Your Name: Gabriela Flores

Business Name: Kirah Design, a producer of accessories and decorative pieces made by bolivian artisans

Type of Business: Design/Home & Housewares/Social Enterprise

Business Location: La Paz, Bolivia

Website www.kirahdesign.com
Twitter @kirahdesign
Facebook www.facebook.com/Kirah Design Bolivia

Reason for starting
When I decided to become a social entrepreneur, I had 2 things in mind: how to give real job opportunities to talented artisans in Bolivia and how to create beautiful home accessories using only recycled or discarded materials and combining it with the amazing talent of Bolivian artisans. We work with artisans from rural areas, indigenous communities and urban areas.

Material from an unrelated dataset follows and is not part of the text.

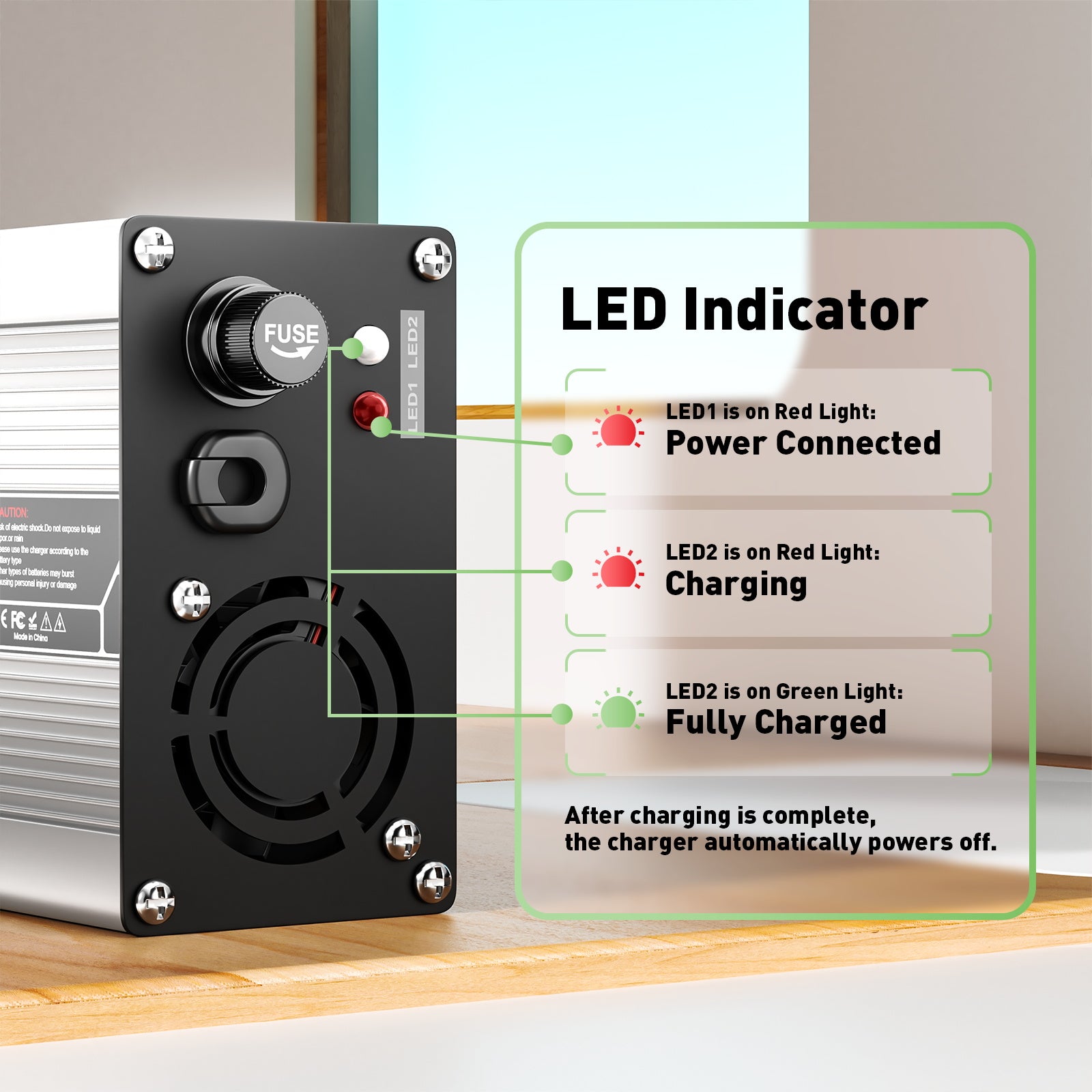 NOEIFEVO 43.8V 4A Chargeur de batterie LiFePO4 pour batterie 12S 36V 38.4V LiFePO4, ventilateur de refroidissement, arrêt automatique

Our pieces are designed by designers in New York and our contemporary designs rescue always the cultural identities of each community as well as the ancestral techniques that we use to elaborate each piece. Our approach is from the market backwards and we are always focusing on a business model rather than a paternalistic one. Our goal is to transform waste into a piece of art.

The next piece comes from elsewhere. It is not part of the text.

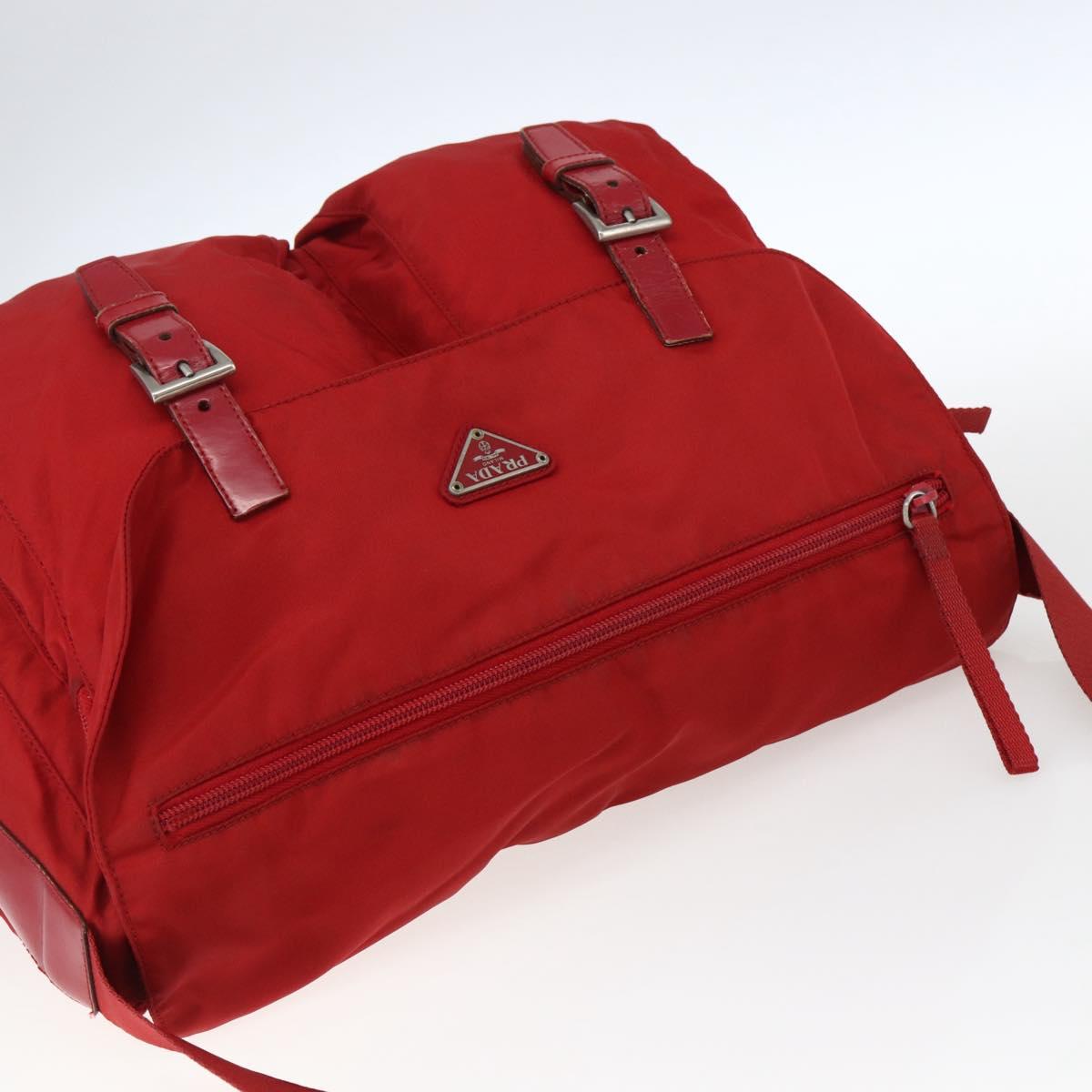 PRADA Shoulder Bag Nylon Red Silver Auth mr2008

How do you define success?
We have created a new business model. We are changing the traditional concept of doing handcrafts. After many years of understanding the market and identifying the bottlenecks in the whole production process we can say now that our model is working. We are part of the whole process, from the design, access to raw materials, training to the artisans, empowering social entrepreneurs in each community, marketing and commercialization of the pieces. Another key element is that our customers can track back what we say. We are changing mentalities and creating a methodology to alleviate poverty instead of selling it. Our business approach and our interest that this has to be a business for everybody is a key element for us.

Biggest Success
I am one of the 6 laureates for the Cartier Women’s Initiative Award 2012. I am the winner for the Latin America region.

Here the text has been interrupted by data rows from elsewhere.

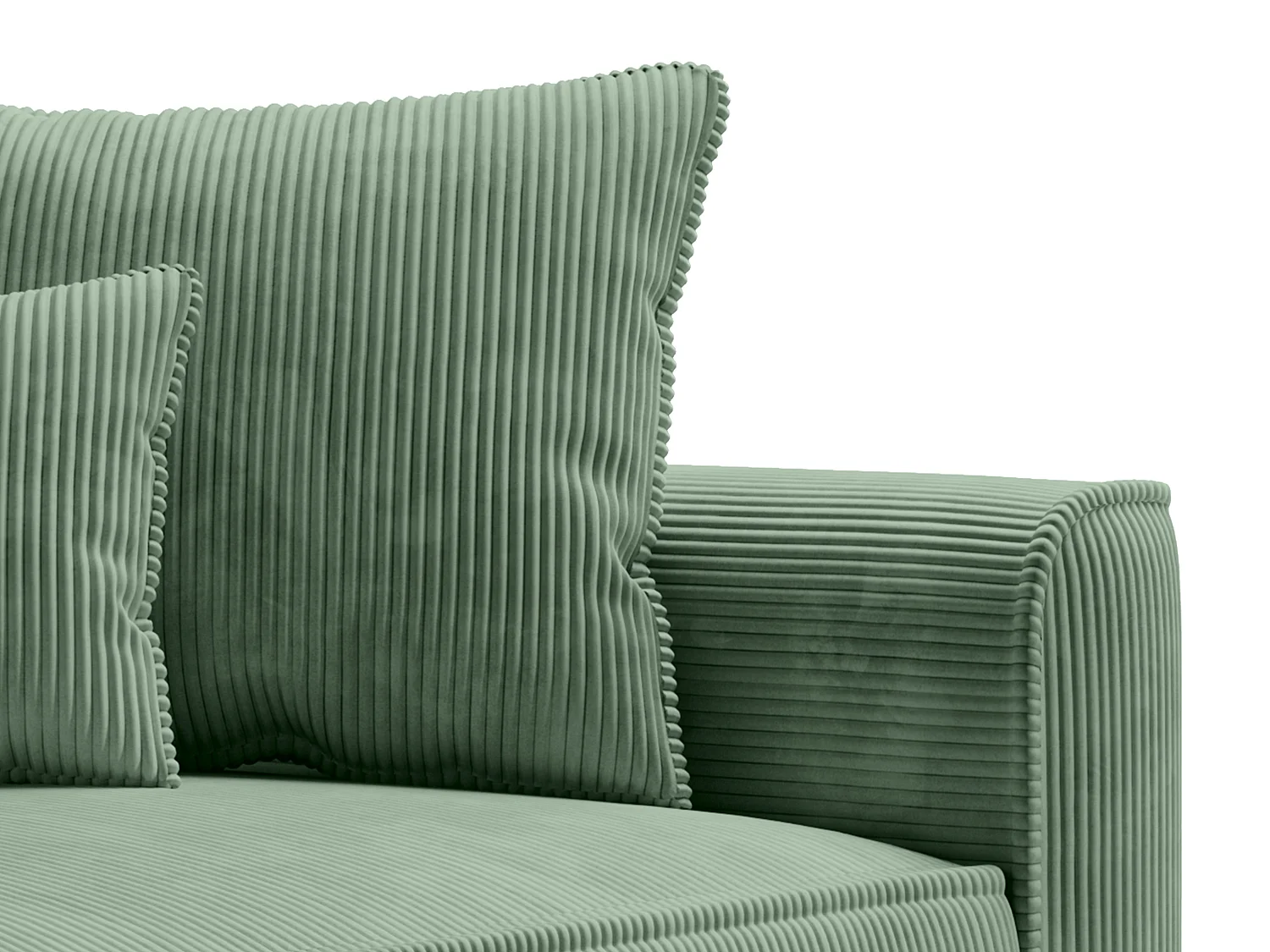 Højrevendt chaiselong i mintgrøn fløjl PINETA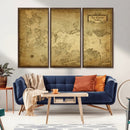 Vintage Game of Thrones Map Wall Art | Westeros and Essos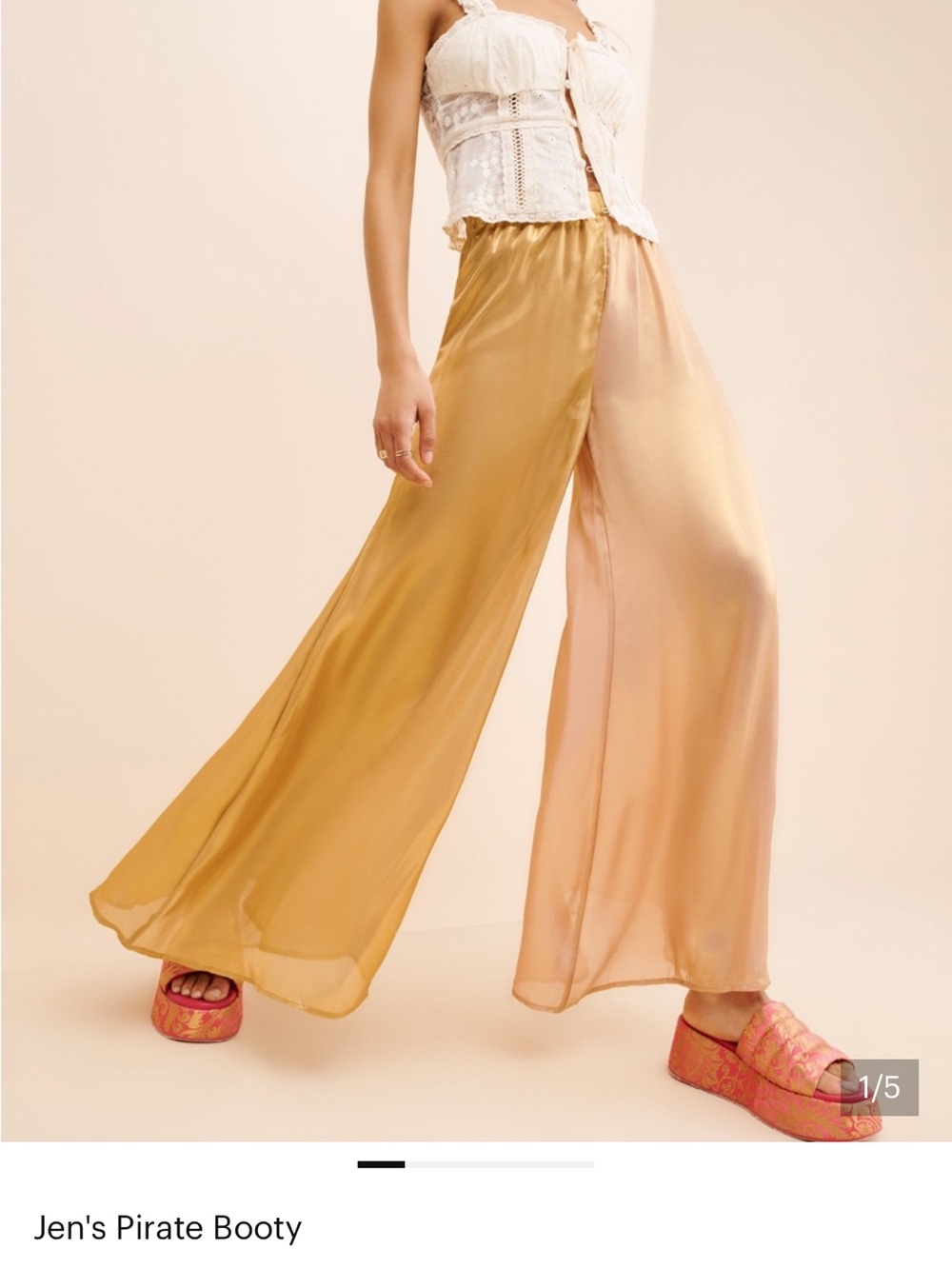 Jen's Pirate Booty Two-Tone Satin Wide-Leg Pants in Gold and Blush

What is your top challenge and how have you addressed it?
Our top challenge right now is to export our first container in May, 2013. We are ready for market growth and we have worked hard to get to this moment. We just signed an alliance with a company in the US to be able to use their warehouse and distribute in the US. If we fulfill our plan to ship our first container to the US it will be historic for Bolivia’s handmade industry. We are in the middle of a fundraising round in order to get funding to improve the workshops of our artisans and scale up. During the first quarter of the year usually the artisans don’t have much to do and have to dedicate to other activities. Our goal is to start producing the first days of January and create a real economic impact in more than 500 artisans and his/her families.

Who is your most important role model?
Anita Roddik when she first started her business. Social entrepreneurs that do what it takes to make their dreams come true.